Выбрать главу

Грубое солдатское благородство его натуры проявилось при Фалкирке, где он спал на голой земле среди своих солдат, или в его отказе во время уэльского похода выпить из единственного бочонка, уцелевшего от мародеров: «Это я довел вас до такой крайности, — сказал он томимым жаждой соратникам, — и я не хочу иметь перед вами преимущества в пище или питье». Под суровой властностью его внешнего вида скрывались удивительная чувствительность и способность к привязанности. Всякий подданный привязывался сильнее к королю, горько плакавшему при известии о смерти отца, хотя она и принесла ему корону, — к королю, у которого сильнейший взрыв мести был вызван оскорблением в адрес его матери и который как памятники своей любви и скорби воздвиг кресты всюду, где останавливался гроб его жены. «Я любил ее нежно при жизни, — писал Эдуард I другу Элеоноры, аббату Клюни, — и я не перестаю любить ее теперь, после ее смерти».

Как было с матерью и женой, так было и с целым народом. Самодовольное отчуждение первых анжуйцев абсолютно исчезло у Эдуарда I. Со времени завоевания он был первым королем, любившим свой народ и, в свою очередь, жаждавшим его любви. Его доверие к народу выразилось в парламенте, его забота о народе — в великих законах, стоявших в преддверии законодательства. Даже в своей борьбе с ним Англия чувствовала все сходство его характера со своим, и в спорах между королем и народом никто из споривших, несмотря на все упорство, ни минуты не сомневался в достоинстве или привязанности другого. В истории Англии мало сцен более трогательных, чем окончание долгого спора из-за Хартии, когда Эдуард I явился в Вестминстерском зале перед своим народом и с хлынувшими вдруг слезами откровенно признал себя неправым.

Именно эта чувствительность, способность поддаваться впечатлениям и влияниям и привела к странным противоречиям в деятельности Эдуарда I. При первом короле с несомненно английским характером сильнее всего сказалось иноземное влияние на обычаи, литературу, национальный характер. Превращение Франции, со времени Филиппа Августа, в единую организованную монархию сделало ее господствующей в Западной Европе. «Рыцарство», столь известное по Фруассару, — живописное подражание высоким чувствам, героизму, любви и учтивости, перед которым исчезало всякое настоящее и глубокое благородство, уступая место грубому распутству, узкому духу касты и полному равнодушию к человеческому страданию, — было чисто французским созданием. В характере Эдуарда I было благородство, ослаблявшее вредное влияние этого рыцарства. Его жизнь отличалась чистотой, его благочестие, когда оно не опускалось до суеверия современников, — достоинством и искренностью, а высокое сознание долга оберегало его от легкомысленной распущенности его преемников. Но он был не совсем свободен от современной ему «заразы». Он страстно желал быть образцом светского рыцарства своей эпохи. С самой молодости он славился как замечательный полководец; Симон Монфор был изумлен его искусной тактикой в битве при Ившеме, а в уэльском походе он выказал настойчивость и силу воли, превратившие в победу его поражение. Он умел руководить бурной атакой конницы при Льюисе или устраивать интендантство, позволявшее ему вести армию за армией через разоренную Шотландию. В старости он мог оценить значение английских стрелков и воспользоваться ими для победы при Фалкирке.
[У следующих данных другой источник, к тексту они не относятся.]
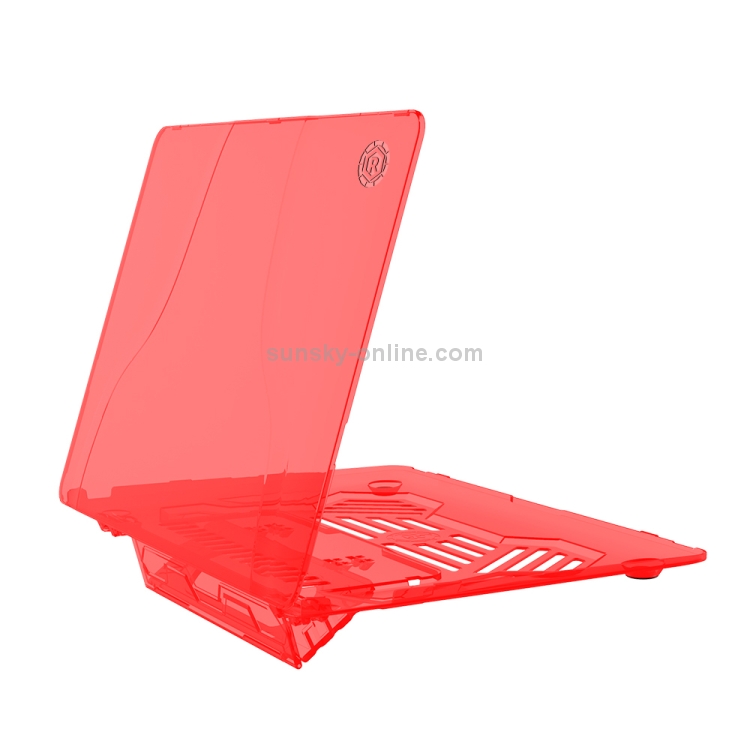 Multi-function Ultra-thin Translucent Heat Dissipation Laptop PC Protective Case for MacBook Air 13.3 inch(2018), with Holder & Handle & Slip-resistant Feet(Red)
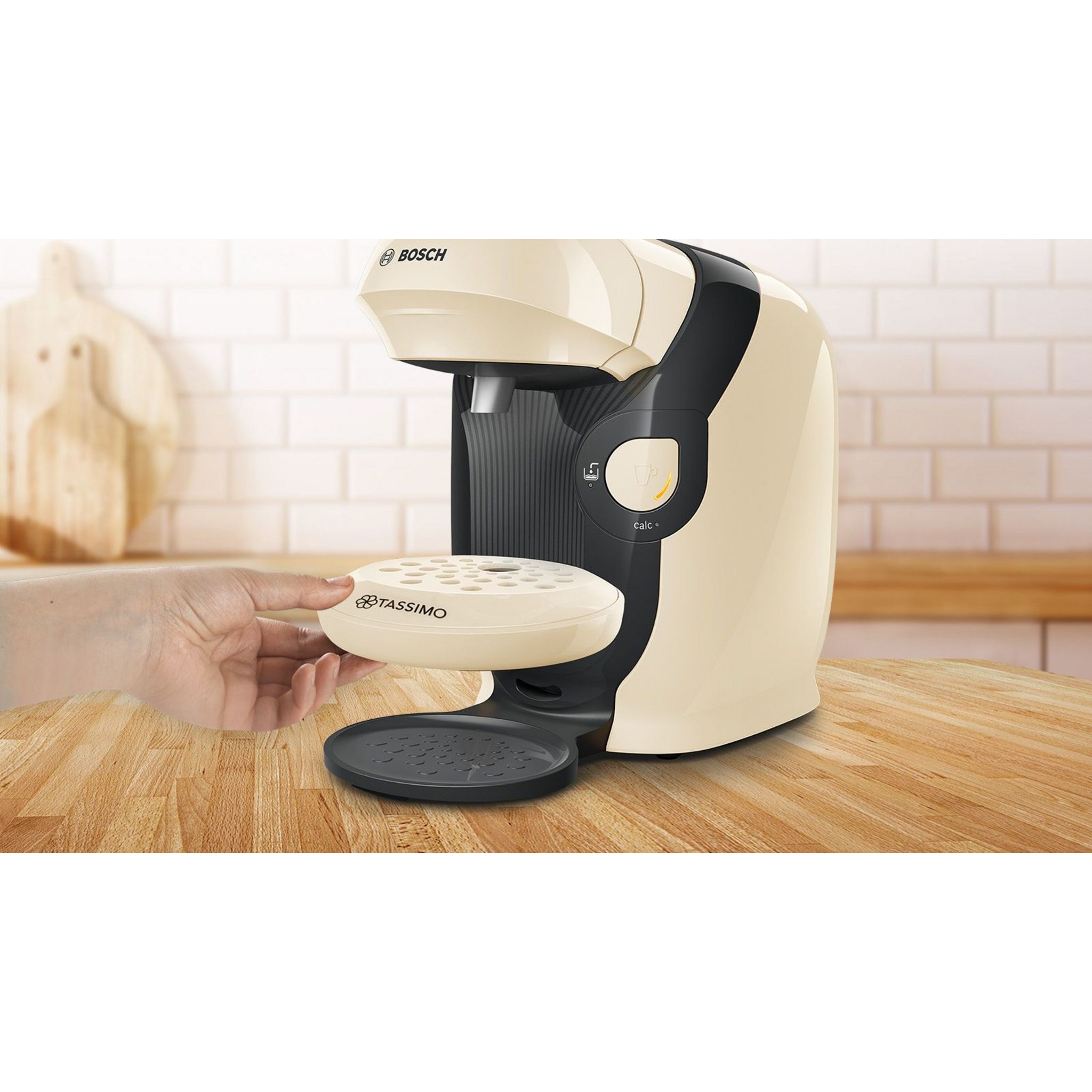 Voir la diapositive 2 : BOSCH Cafetière à dosette Tassimo TAS1107 - Crème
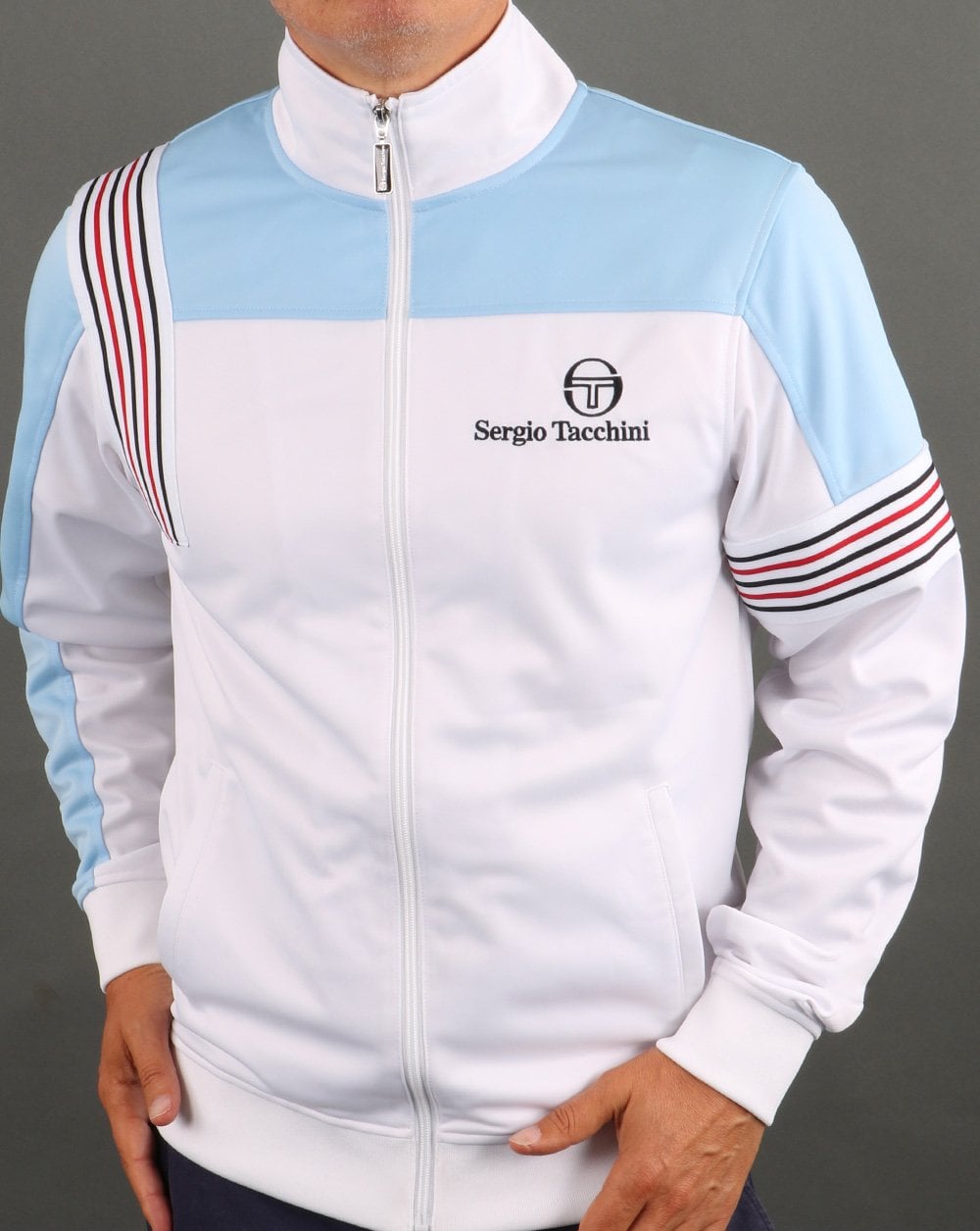 Sergio Tacchini Wilander Track Top White Sky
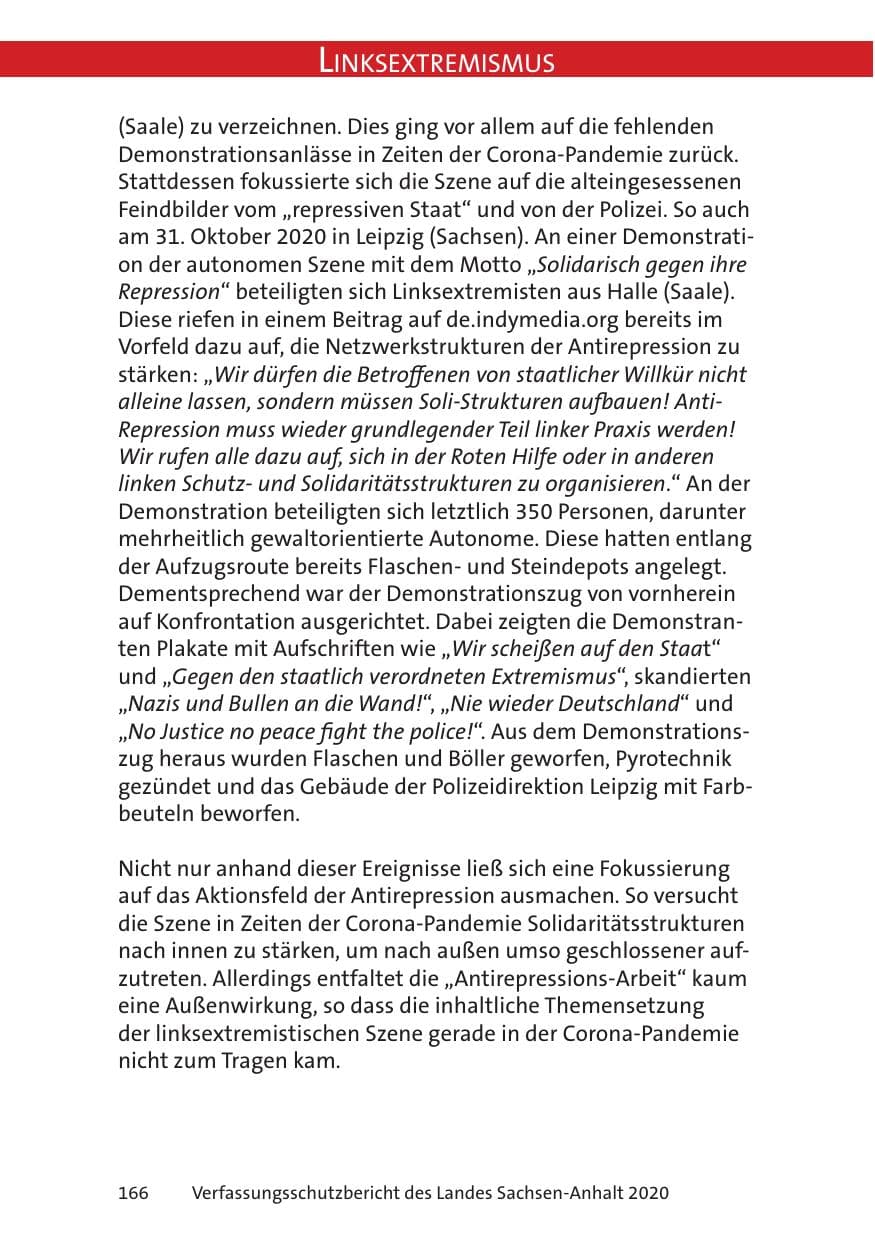 Seite 168 des Verfassungsschutzbericht 2020 Sachsen-Anhalt
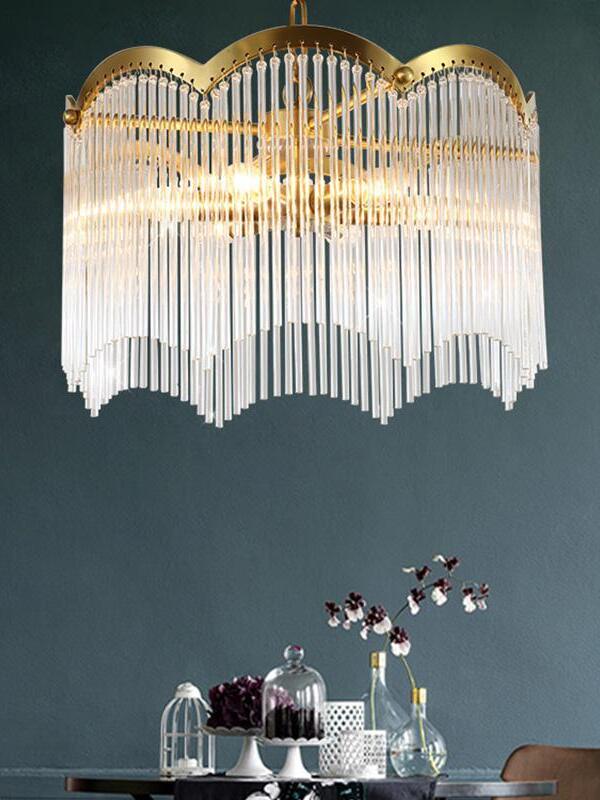 Classic Maria Theresa Multi-layer Glass Strips Chandelier - Cueteks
Но свою славу как полководца Эдуард I считал пустяком по сравнению со славой рыцаря. Он полностью разделял народную любовь к борьбе. Притом у него была фигура природного воина — высокий рост, широкая грудь, длинные руки и ноги; он был вынослив и деятелен. Схватившись после Ившема с Адамом Гердоном, рыцарем огромного роста и известной храбрости, он заставил противника просить пощады. В начале царствования он спас свою жизнь ловкой борьбой на турнире в Шалоне. Эта страсть к приключениям доводила его до пустой фантастичности нового рыцарства. За «круглым столом в Кенильворте» сотня рыцарей и дам, «одетых в шелк», восстановила поблекшую славу двора короля Артура. Отпечаток ложного романтизма, придававшего важнейшим политическим решениям вид сентиментальных порывов, заметен и в «лебединой клятве», когда Эдуард I поднялся за королевским столом и поклялся над стоявшим перед ним блюдом отомстить Шотландии за смерть Комайна. Еще более роковое влияние оказало на него рыцарство, воспитывая у него симпатию к высшему сословию и отнимая всякое право на его участие у крестьян и ремесленников. Эдуард I был «рыцарем без страха и упрека» и в то же время спокойно смотря на избиение жителей Бервика, видел в Уильяме Уоллесе лишь простого разбойника.